▸ **TRY IT**
Lines from the one containing "Morning Call: Fechamento" through the last line of the data are to be returned exactly, both ends included, minus any pictures.

▸ **PROVIDED RECORDS**
:::::
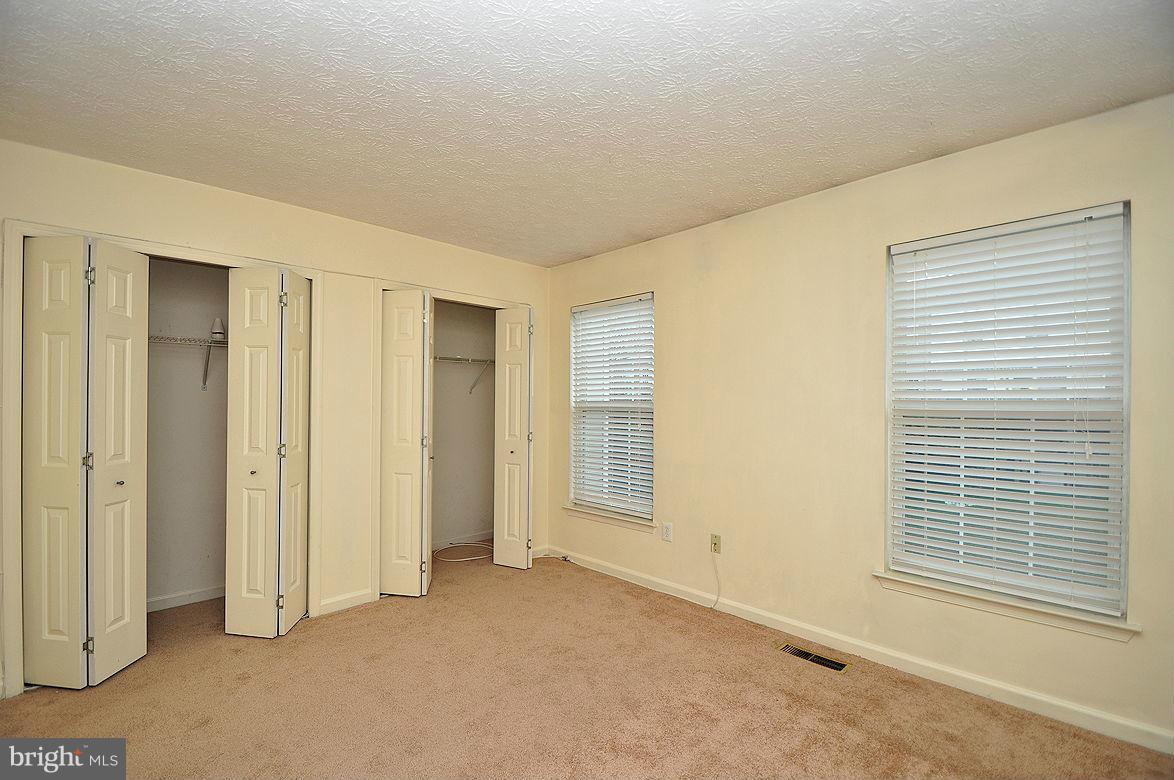 VILLAGE OF PAINTERS MILL - Residential Lease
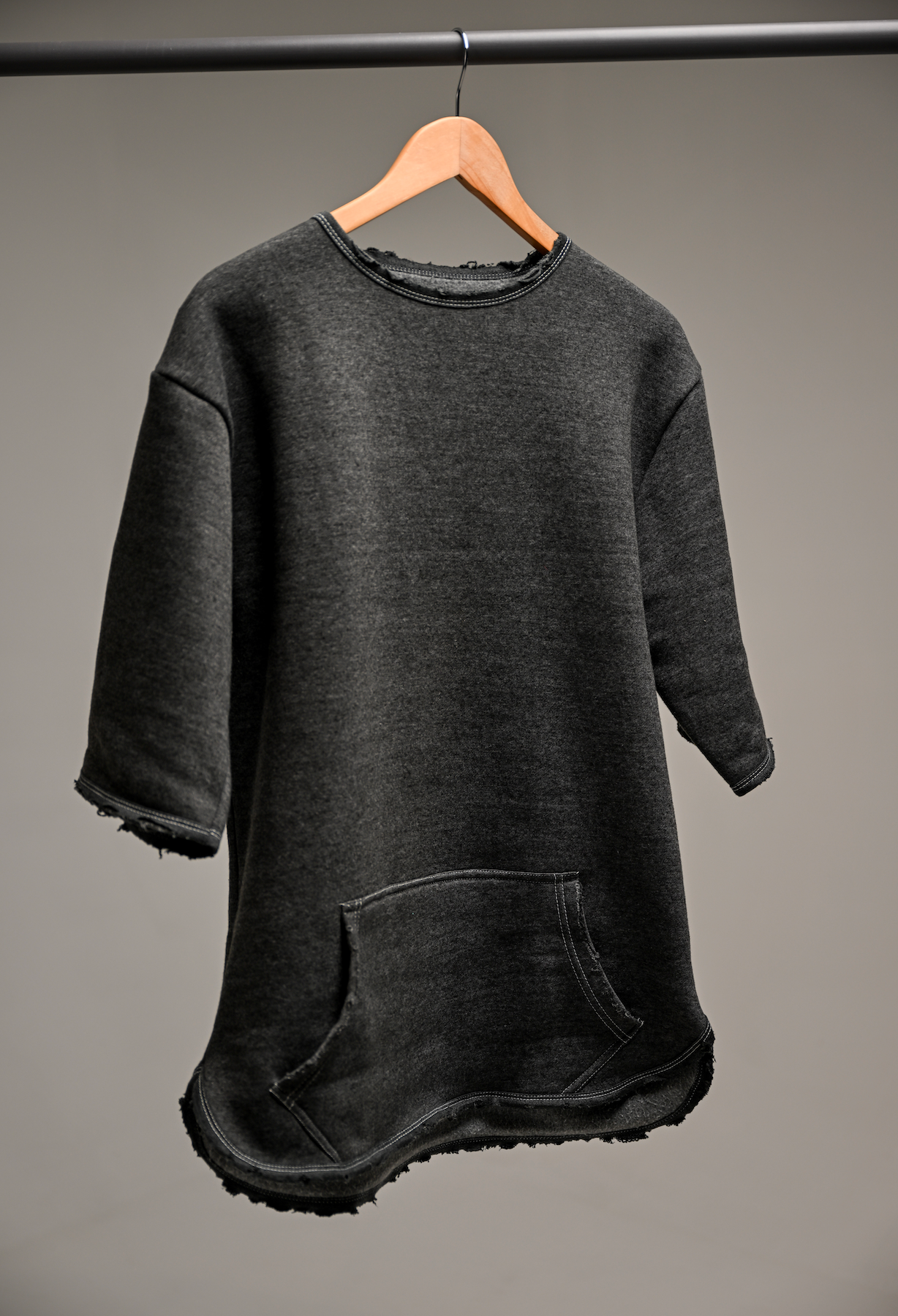 SHRTSLV - Dark heather grey w/ sky blue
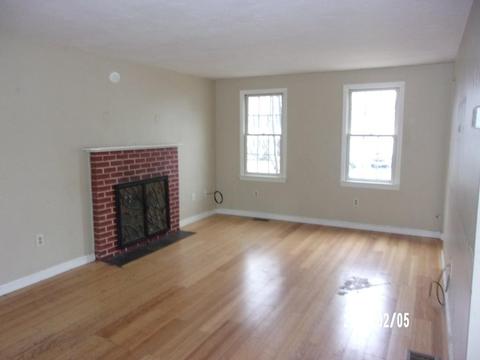 9 Corinth Dr, Worcester, MA 01606 photo 4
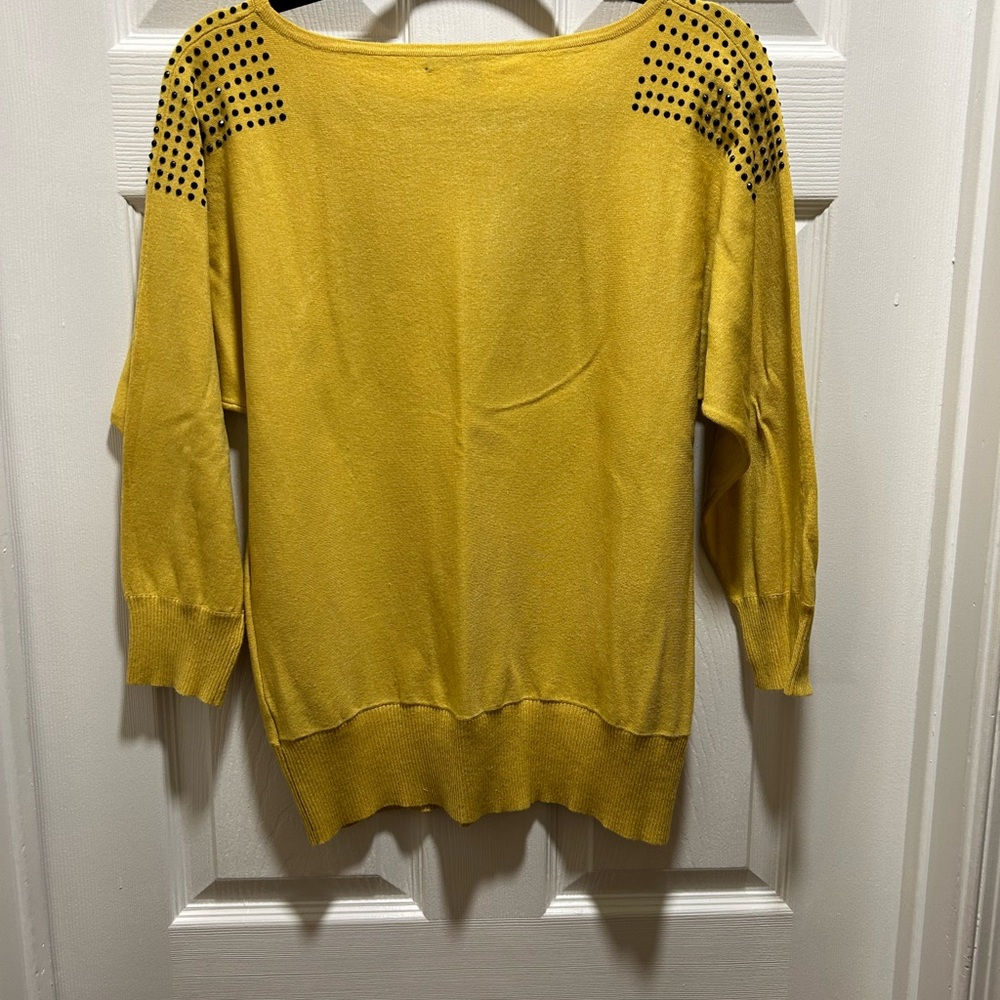 Sweater - Picture 2 of 4
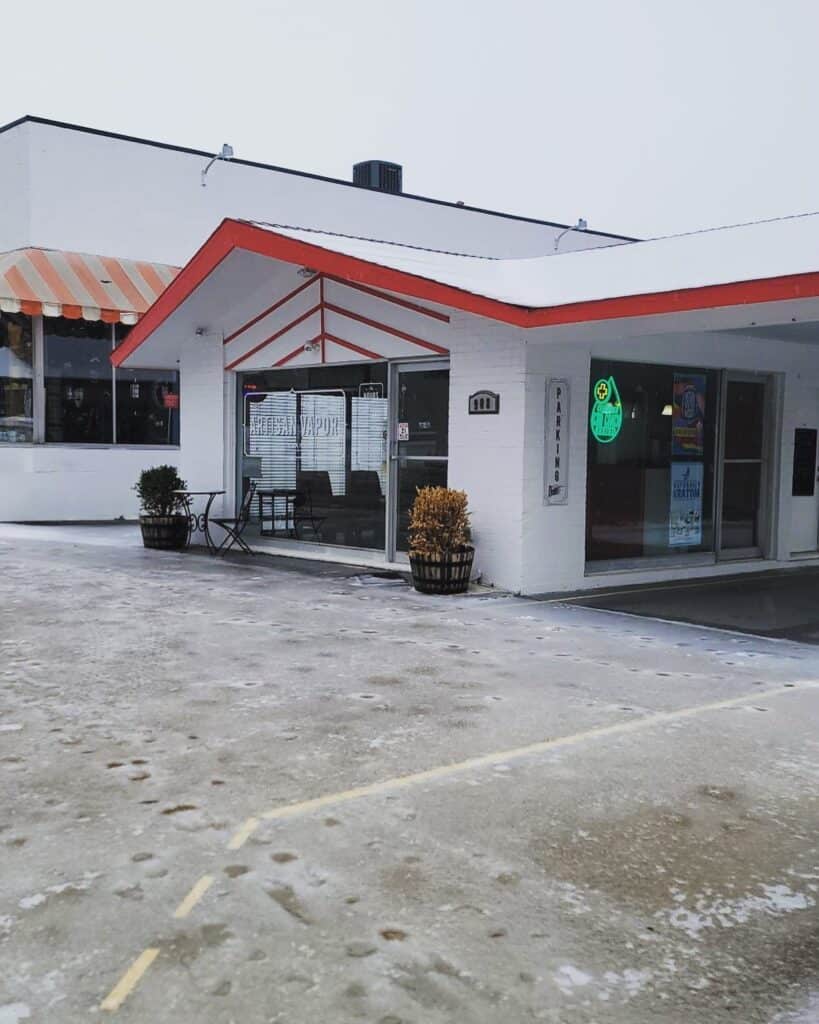 Store – main photo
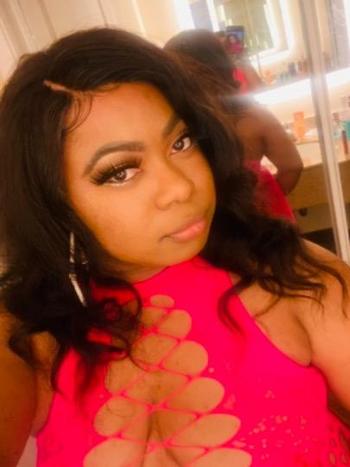 Brittney, 22  female escort, North Bay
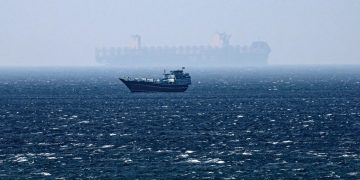 Morning Call: Fechamento do Estreito de Ormuz abala mercados e eleva risco de choque global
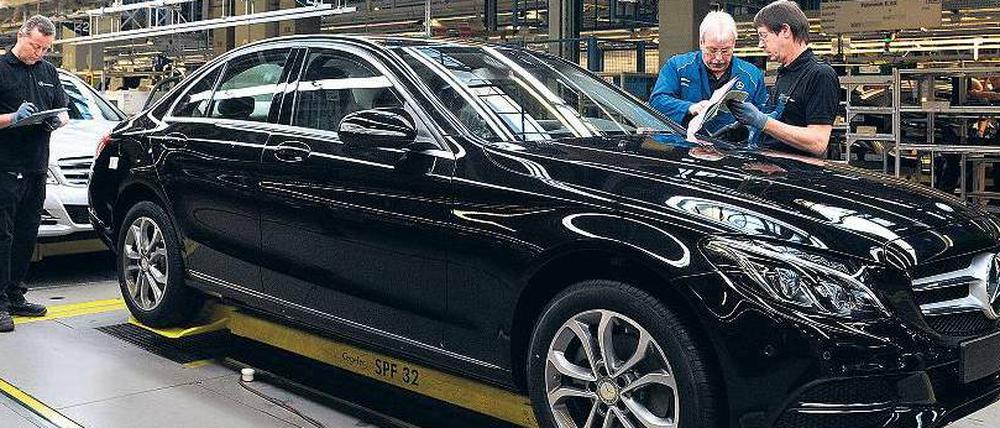 C-Klasse am Start. Die ersten Serienmodelle der neuen C-Klasse wurden am Dienstag im Werk in Bremen montiert. 2014 wird das neue Modell auch in Südafrika, China und in den USA produziert. Daimler investiert dafür mehr als eine Milliarde Euro.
:::::
▸ **RESPONSE TO THE EXERCISE**
 Morning Call: Fechamento do Estreito de Ormuz abala mercados e eleva risco de choque global
 C-Klasse am Start. Die ersten Serienmodelle der neuen C-Klasse wurden am Dienstag im Werk in Bremen montiert. 2014 wird das neue Modell auch in Südafrika, China und in den USA produziert. Daimler investiert dafür mehr als eine Milliarde Euro.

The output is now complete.